Exercise instructions:
Work through the lines of the material below, note those with the word "Restaurant", and give their number, nothing else.

------ Material for this exercise

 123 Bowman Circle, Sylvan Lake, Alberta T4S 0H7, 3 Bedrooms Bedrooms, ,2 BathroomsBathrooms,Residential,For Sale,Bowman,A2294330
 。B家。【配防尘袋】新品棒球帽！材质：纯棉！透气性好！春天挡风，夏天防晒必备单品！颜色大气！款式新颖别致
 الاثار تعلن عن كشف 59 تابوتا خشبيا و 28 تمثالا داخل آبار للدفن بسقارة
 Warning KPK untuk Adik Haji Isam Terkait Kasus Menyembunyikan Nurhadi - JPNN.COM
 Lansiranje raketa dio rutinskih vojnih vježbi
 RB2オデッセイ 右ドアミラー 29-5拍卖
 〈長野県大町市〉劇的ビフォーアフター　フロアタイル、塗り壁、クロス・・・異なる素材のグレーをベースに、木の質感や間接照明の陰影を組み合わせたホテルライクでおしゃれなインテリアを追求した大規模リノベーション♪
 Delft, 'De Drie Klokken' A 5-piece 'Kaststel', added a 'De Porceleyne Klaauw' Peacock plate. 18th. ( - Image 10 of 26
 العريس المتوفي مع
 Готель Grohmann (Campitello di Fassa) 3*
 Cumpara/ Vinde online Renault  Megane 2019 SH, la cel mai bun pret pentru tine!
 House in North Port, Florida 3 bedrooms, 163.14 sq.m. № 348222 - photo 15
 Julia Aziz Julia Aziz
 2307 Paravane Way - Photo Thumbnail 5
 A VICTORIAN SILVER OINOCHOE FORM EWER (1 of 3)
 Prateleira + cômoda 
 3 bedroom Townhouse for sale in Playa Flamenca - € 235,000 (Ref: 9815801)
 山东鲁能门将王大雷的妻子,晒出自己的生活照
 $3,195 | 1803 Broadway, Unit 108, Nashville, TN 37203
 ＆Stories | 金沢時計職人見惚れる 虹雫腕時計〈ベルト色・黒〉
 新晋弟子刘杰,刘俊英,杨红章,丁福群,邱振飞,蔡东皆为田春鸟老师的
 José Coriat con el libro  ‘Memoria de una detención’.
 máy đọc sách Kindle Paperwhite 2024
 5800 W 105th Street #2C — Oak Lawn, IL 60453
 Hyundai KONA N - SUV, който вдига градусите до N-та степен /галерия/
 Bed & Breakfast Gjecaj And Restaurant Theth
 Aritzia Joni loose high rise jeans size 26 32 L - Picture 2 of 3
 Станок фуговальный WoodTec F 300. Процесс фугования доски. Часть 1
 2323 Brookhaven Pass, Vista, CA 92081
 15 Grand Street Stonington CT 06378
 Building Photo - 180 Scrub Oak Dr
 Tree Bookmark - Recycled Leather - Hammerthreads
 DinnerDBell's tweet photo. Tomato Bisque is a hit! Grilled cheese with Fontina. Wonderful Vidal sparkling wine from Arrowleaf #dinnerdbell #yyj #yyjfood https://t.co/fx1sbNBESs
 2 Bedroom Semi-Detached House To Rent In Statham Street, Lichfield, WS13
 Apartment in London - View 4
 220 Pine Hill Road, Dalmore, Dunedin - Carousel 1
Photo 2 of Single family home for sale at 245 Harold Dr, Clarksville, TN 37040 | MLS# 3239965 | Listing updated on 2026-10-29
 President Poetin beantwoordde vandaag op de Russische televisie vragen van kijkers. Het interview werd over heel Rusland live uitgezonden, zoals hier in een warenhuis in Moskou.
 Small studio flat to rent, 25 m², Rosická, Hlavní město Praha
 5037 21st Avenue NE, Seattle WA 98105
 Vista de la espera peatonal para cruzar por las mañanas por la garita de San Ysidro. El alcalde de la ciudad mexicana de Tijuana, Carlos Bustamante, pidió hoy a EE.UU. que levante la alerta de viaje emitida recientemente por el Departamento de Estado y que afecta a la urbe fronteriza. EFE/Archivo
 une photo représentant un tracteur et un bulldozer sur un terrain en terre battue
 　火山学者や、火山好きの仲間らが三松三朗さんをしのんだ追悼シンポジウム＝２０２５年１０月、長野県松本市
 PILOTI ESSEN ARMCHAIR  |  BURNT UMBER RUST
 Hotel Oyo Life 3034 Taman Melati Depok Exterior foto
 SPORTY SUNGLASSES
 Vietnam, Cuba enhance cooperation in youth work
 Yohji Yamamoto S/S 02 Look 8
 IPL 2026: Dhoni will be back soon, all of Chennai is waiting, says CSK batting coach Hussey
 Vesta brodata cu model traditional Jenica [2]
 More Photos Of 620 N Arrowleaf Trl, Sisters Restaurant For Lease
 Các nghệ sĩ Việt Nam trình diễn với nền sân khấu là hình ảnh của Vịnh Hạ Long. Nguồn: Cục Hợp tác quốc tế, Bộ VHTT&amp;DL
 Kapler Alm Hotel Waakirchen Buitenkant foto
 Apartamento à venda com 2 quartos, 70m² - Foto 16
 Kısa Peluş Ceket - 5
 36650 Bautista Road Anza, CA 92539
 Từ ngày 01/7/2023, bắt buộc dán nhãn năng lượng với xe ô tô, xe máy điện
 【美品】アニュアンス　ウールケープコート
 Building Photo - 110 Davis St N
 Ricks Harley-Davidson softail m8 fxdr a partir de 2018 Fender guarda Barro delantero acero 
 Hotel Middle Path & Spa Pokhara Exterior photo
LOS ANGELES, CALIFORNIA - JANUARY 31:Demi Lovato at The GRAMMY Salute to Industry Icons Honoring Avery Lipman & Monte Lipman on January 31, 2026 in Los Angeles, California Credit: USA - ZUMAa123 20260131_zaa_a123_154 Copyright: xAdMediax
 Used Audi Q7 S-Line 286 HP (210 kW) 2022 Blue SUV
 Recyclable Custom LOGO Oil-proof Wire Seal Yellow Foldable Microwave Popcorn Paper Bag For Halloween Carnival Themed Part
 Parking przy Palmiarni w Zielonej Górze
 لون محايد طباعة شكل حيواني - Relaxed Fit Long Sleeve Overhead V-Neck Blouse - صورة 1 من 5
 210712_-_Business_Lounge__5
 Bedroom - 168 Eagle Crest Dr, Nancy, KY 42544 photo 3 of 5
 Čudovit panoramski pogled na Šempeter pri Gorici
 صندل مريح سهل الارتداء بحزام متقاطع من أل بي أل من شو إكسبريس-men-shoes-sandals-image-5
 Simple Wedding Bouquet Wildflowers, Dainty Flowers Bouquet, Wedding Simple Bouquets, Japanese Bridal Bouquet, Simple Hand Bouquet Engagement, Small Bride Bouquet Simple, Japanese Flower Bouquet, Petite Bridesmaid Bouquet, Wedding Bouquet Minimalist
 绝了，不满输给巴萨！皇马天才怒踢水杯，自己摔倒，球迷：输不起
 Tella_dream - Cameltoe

------------

Solution to this exercise:
2